Estas dos muchachas tan encantadoras a las que les unía un carácter de ternura igual, una piedad, unos sentimientos virtuosos, de candor y de amenidad absolutamente idénticos, habían concebido la una por la otra la más bella ternura y se consolaban mutuamente de la suerte horrenda que las atribulaba. No se había sospechado de eso hasta entonces, pero las averiguaciones hicieron descubrir que no era aquella la primera vez que sucedía y se supo que la mayor le inspiraba a la otra los mejores sentimientos y sobre todo la alentaba a no alejarse de la religión y de sus deberes hacia un Dios que algún día las consolaría de todos sus males.

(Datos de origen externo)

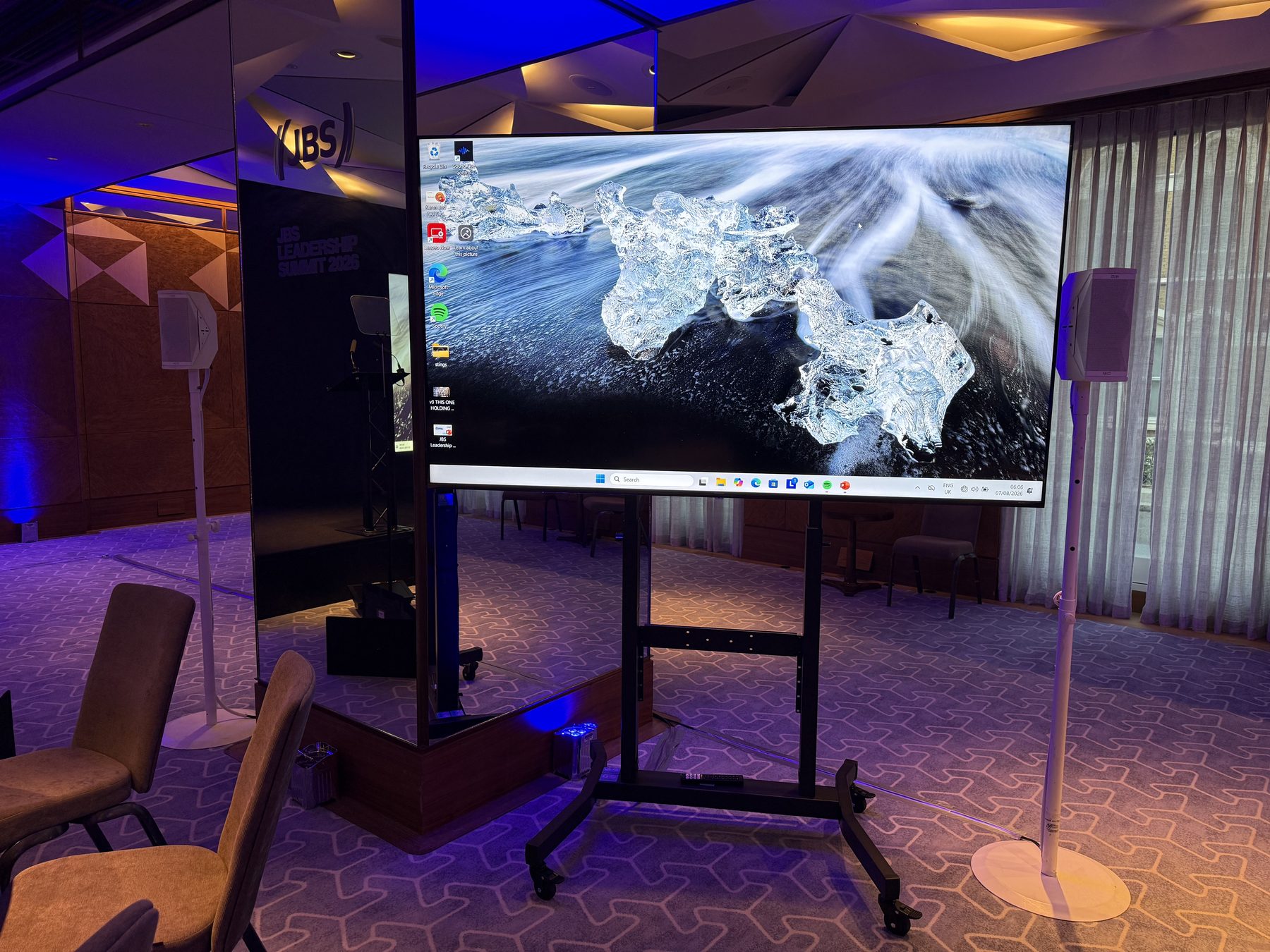 Close view of conference hire screen, speaker and blue uplighting in London
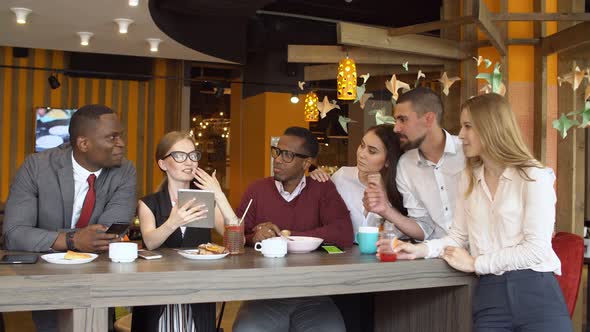 Group of Young Mixed Race People in Coffee Shop.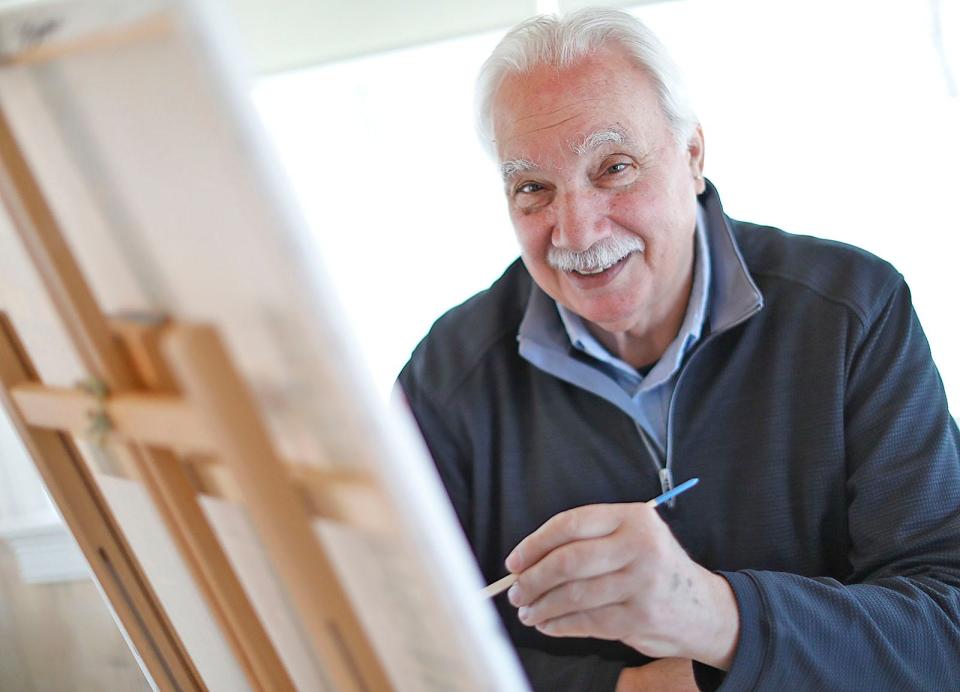 Frank Santoro, of Quincy, works on an acrylic painting on Tuesday, April 5, 2022.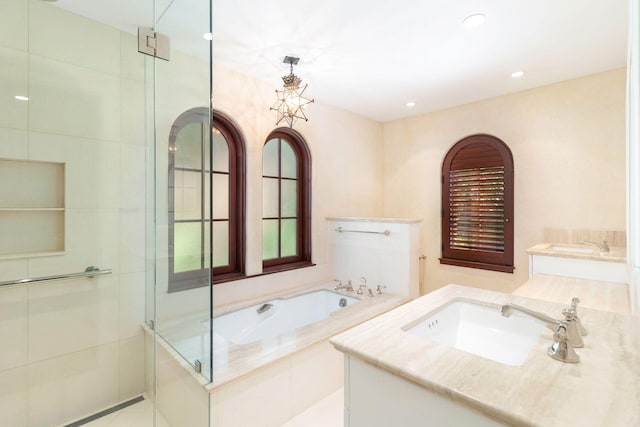 bathroom with vanity, tile patterned floors, and independent shower and bath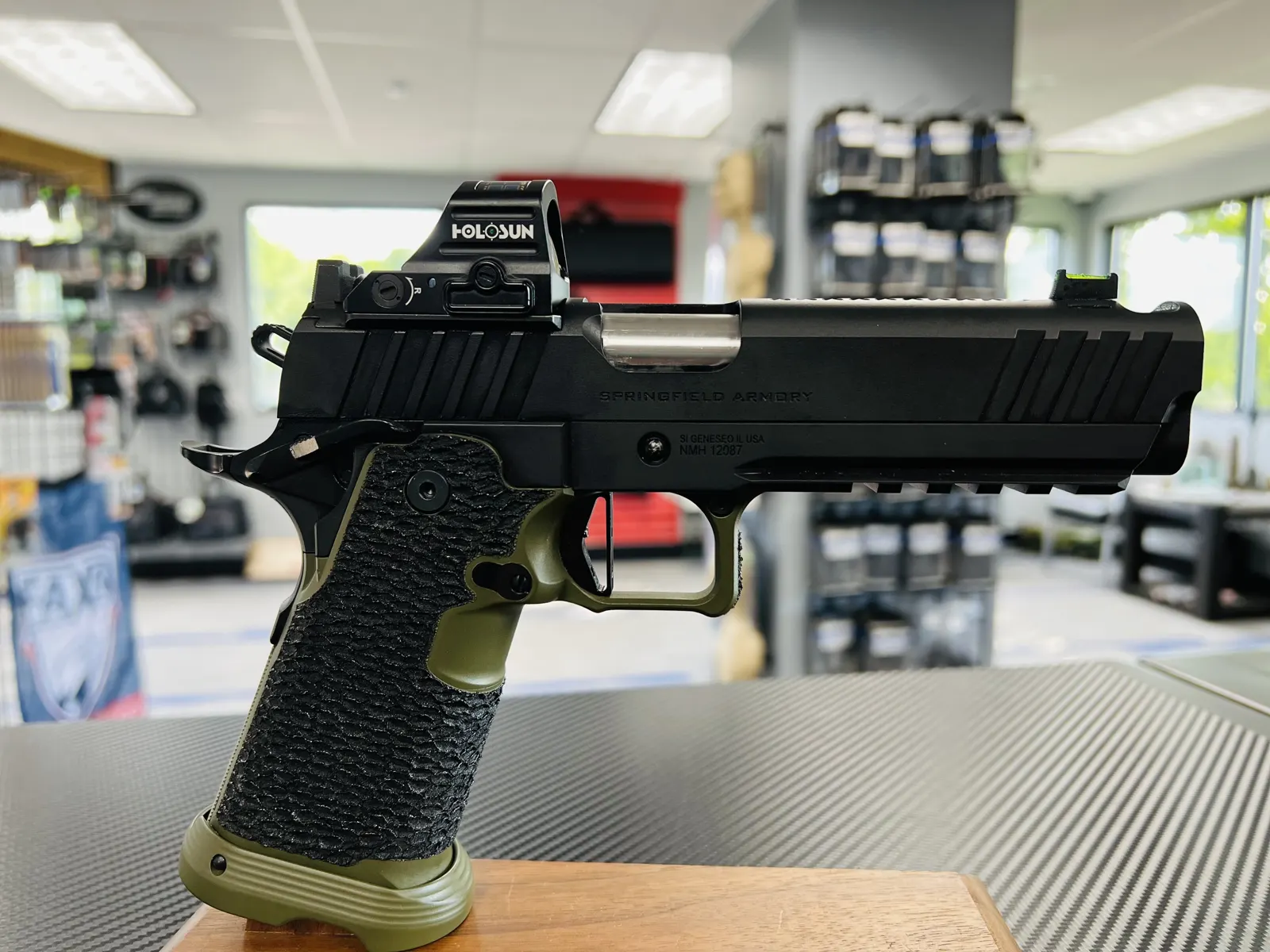 2011 pistol with green grip and optic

Dejo que el lector juzgue el furor y los arrebatos de Curval cuando descubrió allí a la hermosa misionera; la agarró por los cabellos, llenándola de injurias, la arrastró hacia su habitación, donde la amarró a la columna de la cama y la dejó allí hasta la mañana para que reflexionase sobre su locura. Todos los amigos acudieron a presenciar la escena; es fácil imaginarse cuán aprisa hizo inscribir Curval a las dos delincuentes en el libro de los castigos. El duque era partidario de una corrección inmediata, y la que proponía no era precisamente dulce; pero como el obispo le hizo alguna objeción muy razonable respecto a lo que quería hacer, Durcet se contentó con inscribirlas. No había manera de emprenderlas contra las viejas, puesto que los señores aquella noche las habían hecho ir a acostarse todas a su habitación. Esto puso de manifiesto pues, ese defecto de la administración y se dispuso que en lo sucesivo se quedara siempre al menos una vieja en el aposento de las mujeres y una en el de los muchachos. Volvieron a acostarse y Curval, a quien la cólera sólo le había puesto más cruelmente impúdico, hizo a su hija cosas que todavía no podemos decir pero que, al precipitar su descarga, por lo menos le hicieron dormirse tranquilo.

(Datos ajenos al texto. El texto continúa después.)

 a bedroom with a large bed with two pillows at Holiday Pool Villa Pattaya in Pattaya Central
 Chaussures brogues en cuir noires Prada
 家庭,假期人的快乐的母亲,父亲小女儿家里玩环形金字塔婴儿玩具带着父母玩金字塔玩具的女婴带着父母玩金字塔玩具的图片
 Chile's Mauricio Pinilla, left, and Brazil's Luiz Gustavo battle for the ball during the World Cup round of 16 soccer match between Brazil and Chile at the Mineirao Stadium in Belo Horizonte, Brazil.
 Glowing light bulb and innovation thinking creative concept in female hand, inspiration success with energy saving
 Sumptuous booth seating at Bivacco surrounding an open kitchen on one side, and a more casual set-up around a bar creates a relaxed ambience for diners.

Al día siguiente todas las putillas estaban tan asustadas que no se halló a ninguna delincuente y entre los muchachos solamente al pequeño Narciso, a quien Curval había prohibido, desde la víspera, que se limpiase el culo, pues quería encontrarlo mierdoso a la hora del café, que el niño debía servir aquel día, y que desgraciadamente olvidó la orden y se limpió el ano con mucho cuidado. Por más que dijo que su falta era reparable, puesto que tenía ganas de cagar, le contestaron que se las guardase y que no por esto dejaría de ser inscrito en el libro fatal; acto que el temible Durcet efectuó al instante bajo sus ojos, haciéndole sentir toda la enormidad de su falta, que sería quizás suficiente para impedir la descarga del señor Presidente.
Constanza, a la que ya no molestaban respecto a eso a causa de su estado, la Desgrangés y Brise-Cul fueron los únicos que obtuvieron permiso para la capilla y todo el resto recibió la orden de reservarse para la noche.

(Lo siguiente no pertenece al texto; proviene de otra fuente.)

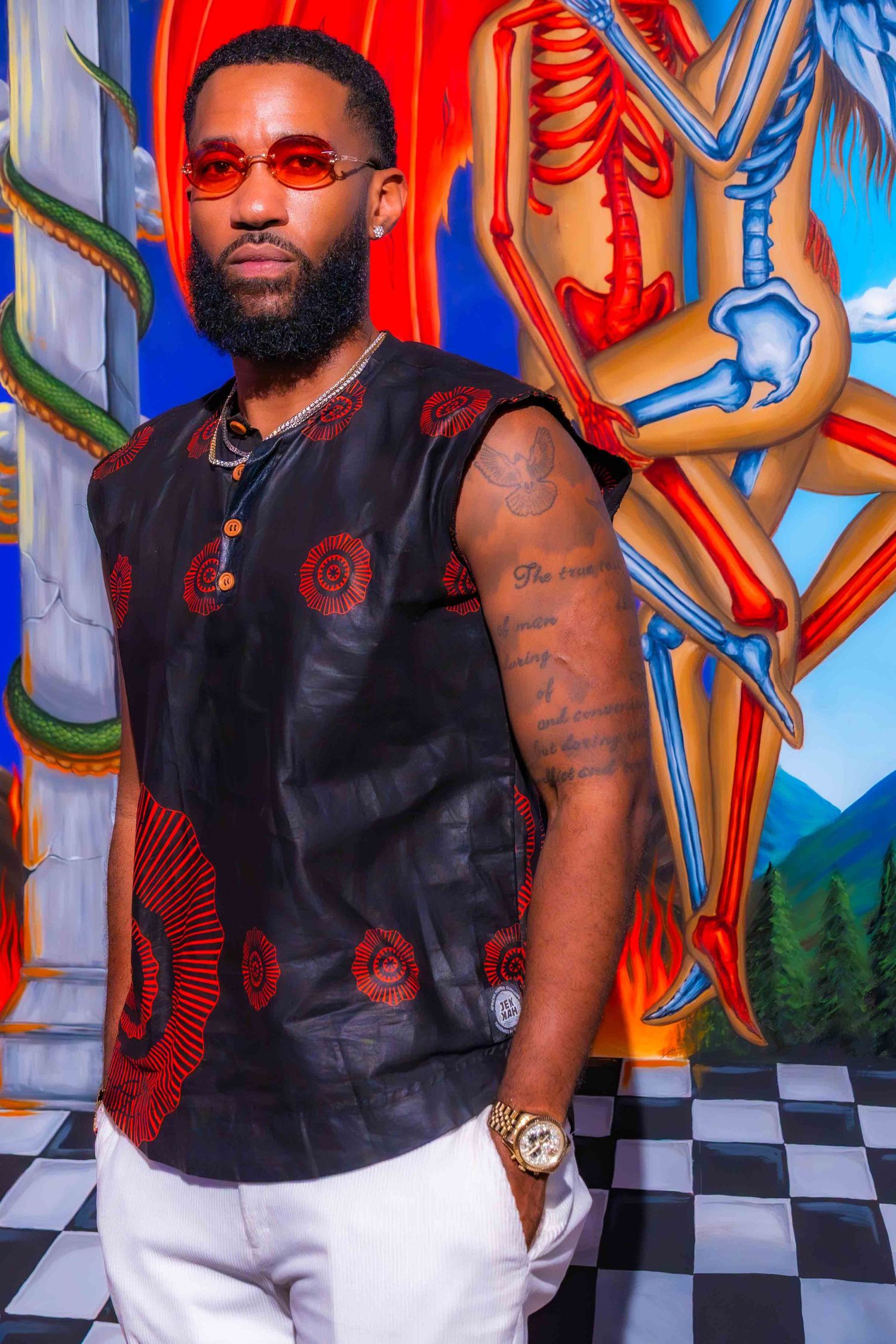 Fashion shoot with black vest against vibrant mural featuring checkered floor pattern.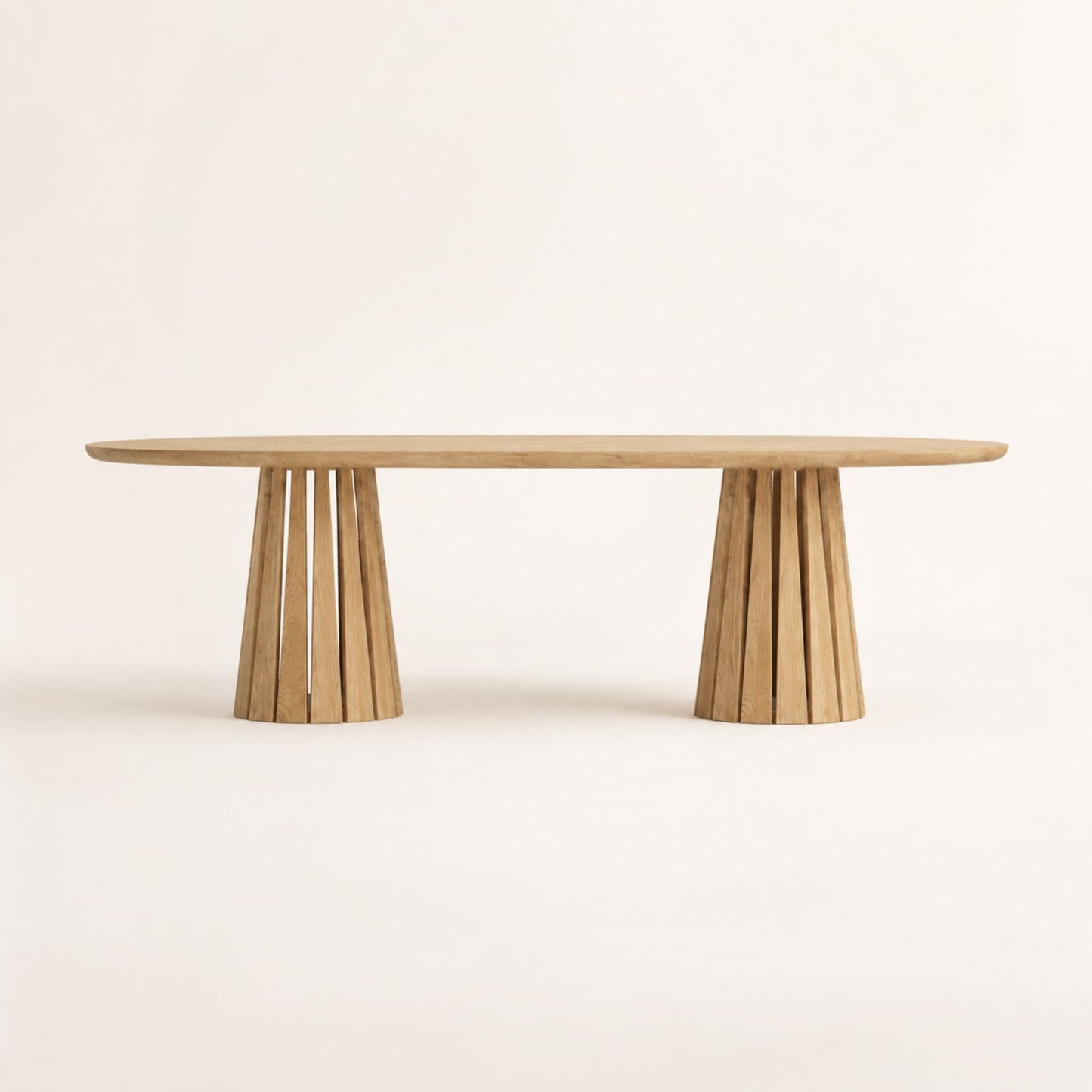 Front view of the ÉTAUDORÉ Noemi Rounded Oval Table in solid oak wood, designed in collaboration with Noemi Gwalter Rubino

El suceso de la noche fue tema de conversación durante la comida: se burlaron del presidente por dejar escapar de tal manera los pájaros de su jaula; el champaña le devolvió la alegría y pasaron al café. Narciso, Celadón, Zelmira y Sofía lo sirvieron; esta última estaba muy avergonzada; le preguntaron cuántas veces había sucedido aquello y respondió que era nada más la segunda, y que la señora Durcet le daba tan buenos consejos que en verdad era muy injusto castigar a ambas por eso. El presidente le aseguró que lo que ella llamaba buenos consejos eran muy malos en su situación y que la devoción que le metía en la cabeza sólo serviría para que se la castigase todos los días; que allí donde se encontraba no debía tener otros dueños ni otros dioses que sus tres compañeros y él, ni otra religión que la de servirlos y obedecerlos ciegamente en todo. Y, mientras la sermoneaba, la hizo hincarse de rodillas entre sus piernas y le ordenó que le chupase el pito, lo que la pobre pequeña infeliz ejecutó temblando. El duque, siempre partidario de joder entre los muslos, a falta de algo mejor enfilaba a Zelmira de esta manera, mientras hacía que ella cagase en su mano y devorando a medida que recibía, y todo esto en tanto que Durcet hacía que Celadón eyaculase en su boca y que el obispo hacía cagar a Narciso. Se entregaron a algunos minutos de siesta y, después, acomodados en el salón de historia, la Duelos reanudó su relato así:
El galán octogenario que la Fournier me destinaba era, señores, un contador, bajito, regordete y con una cara muy desagradable. Colocó una vasija entre los dos, nos situamos espalda contra espalda, cagamos ambos a la vez, él se apoderó de la vasija, con sus dedos mezcló las dos defecaciones y se las tragó, mientras yo le hacía eyacular en mi boca. Apenas si miró mi trasero. No lo besó, pero su éxtasis no fue menos intenso; pataleó, blasfemó mientras tragaba y eyaculaba, y se retiró después de darme cuatro luises por aquella extraña ceremonia.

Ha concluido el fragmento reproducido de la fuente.